The hard work of fanning the delicious, delicious flames. People who own mazorca carts must have awesome triceps.

So while mazorca is, technically, the same as corn on the cob, it doesn’t have nearly the same connotations. This is partly because Bogotá never feels like August in New England, but mostly because it’s readily — and cheaply — available in all kinds of places. No need to drag out the grill and lighter fluid when you can find someone else who’s doing your dirty, sweaty work for you. And don’t get me wrong — it is sweaty business, standing over hot coals, turning ears of mazorca over and over, waving smoke out of the eyes of your customers.

In addition to the lack of Memorial-Day-related-implications, mazorca also isn’t quite the same, taste- or texture-wise, as the corn we’re used to. Most of us in the U.S. eat primarily sweet corn — while mazorca is delicious, the kernels definitely don’t burst with flavor the same way sweet corn does. Mazorca kernels are larger and a bit tougher, almost starchy.
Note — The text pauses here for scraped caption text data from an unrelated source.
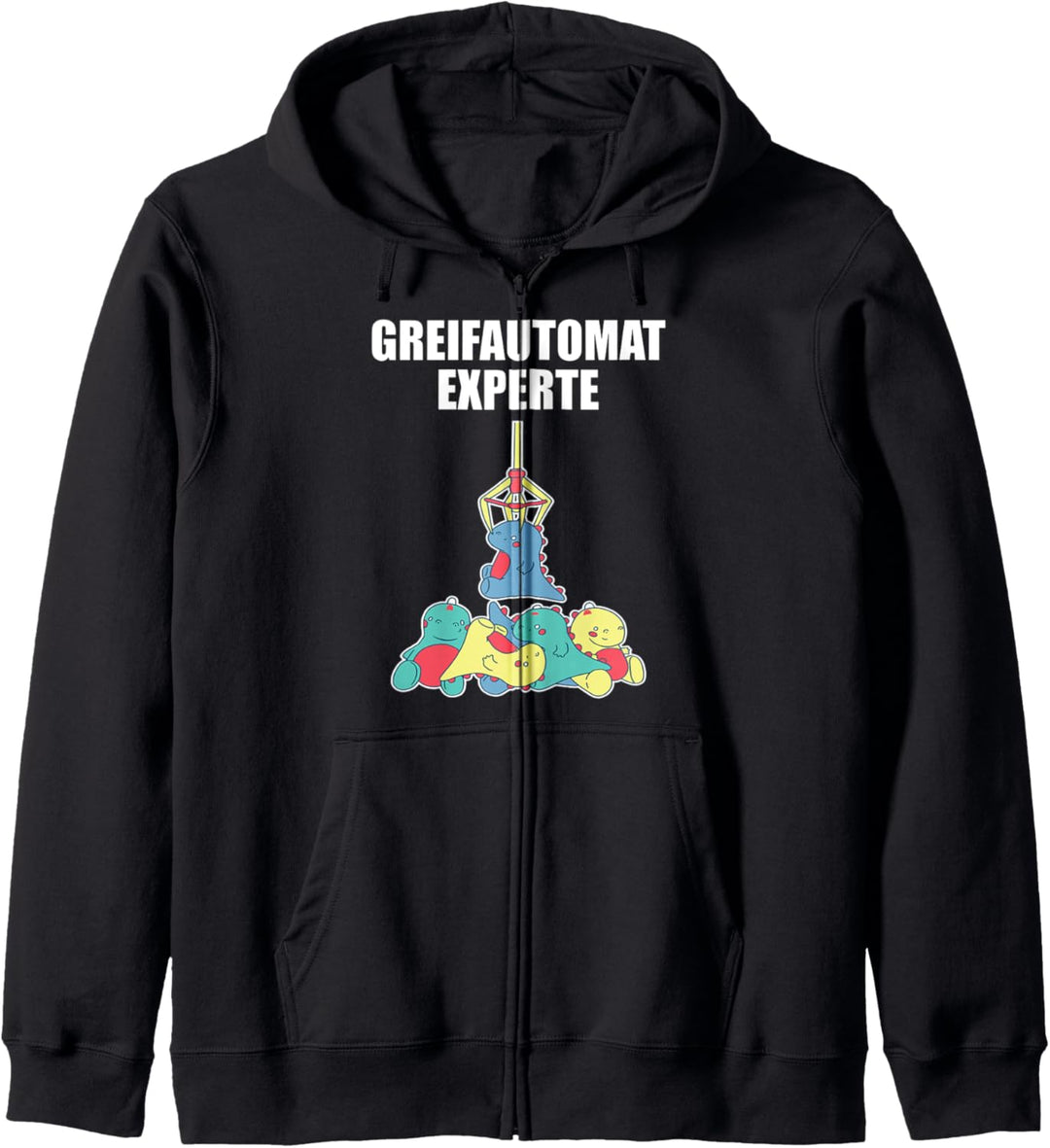Greifautomat Kraller Spielzeugautomat Greifer Kirmes Spruch Kapuzenjacke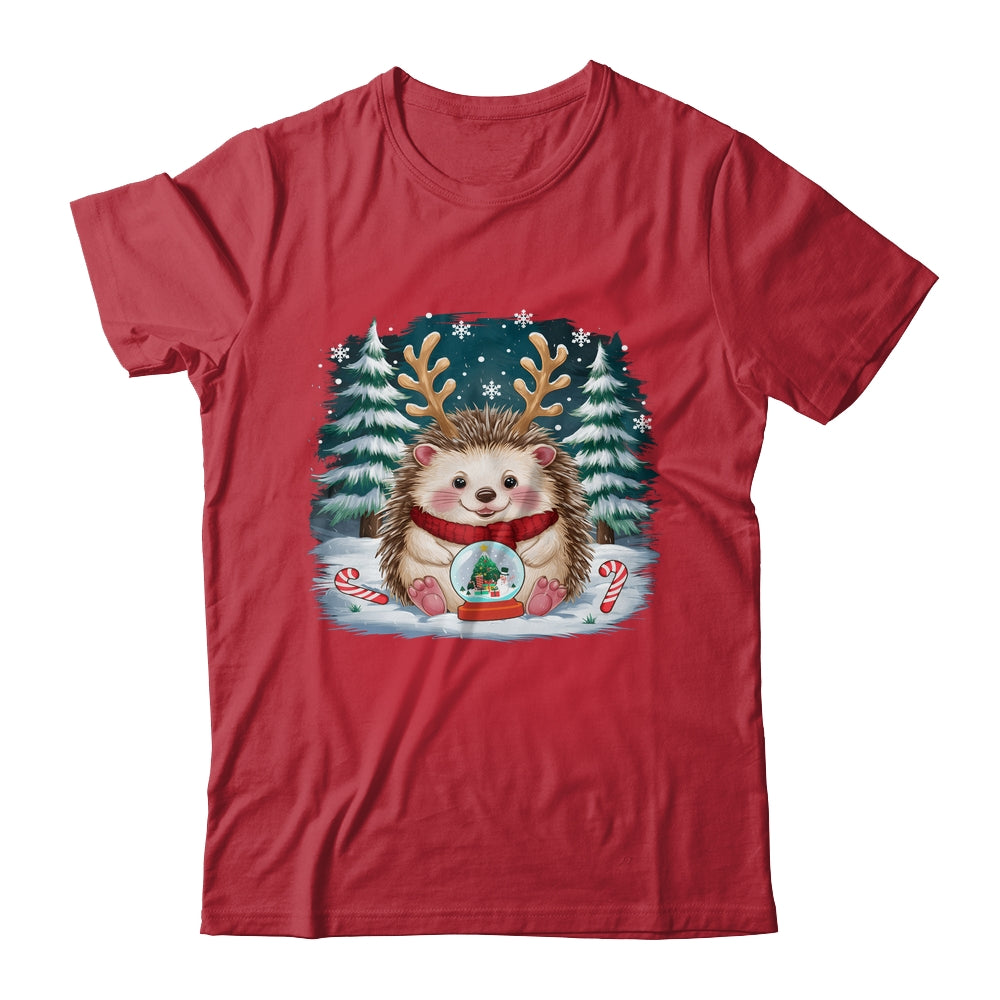 Cute Hedgehog Reindeer Christmas Xmas Men Women Kids Shirt & Sweatshirt | siriusteestore
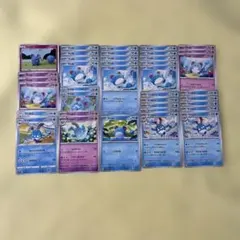 ポケモンカード　ルリリ　マリル　マリルリ　38枚セットのサムネイル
The best description I can offer is that it feels like eating an ear of corn that’s halfway through the process of turning into popcorn. And when that concoction is slathered with butter and salt and handed to me in a napkin, steaming with heat, I can’t think of many things I’d rather be eating on a cold, windy, rainy afternoon.

bet those cows are jealous

Or on a sunny afternoon! That works too! Equal-opportunity mazorca eater, here.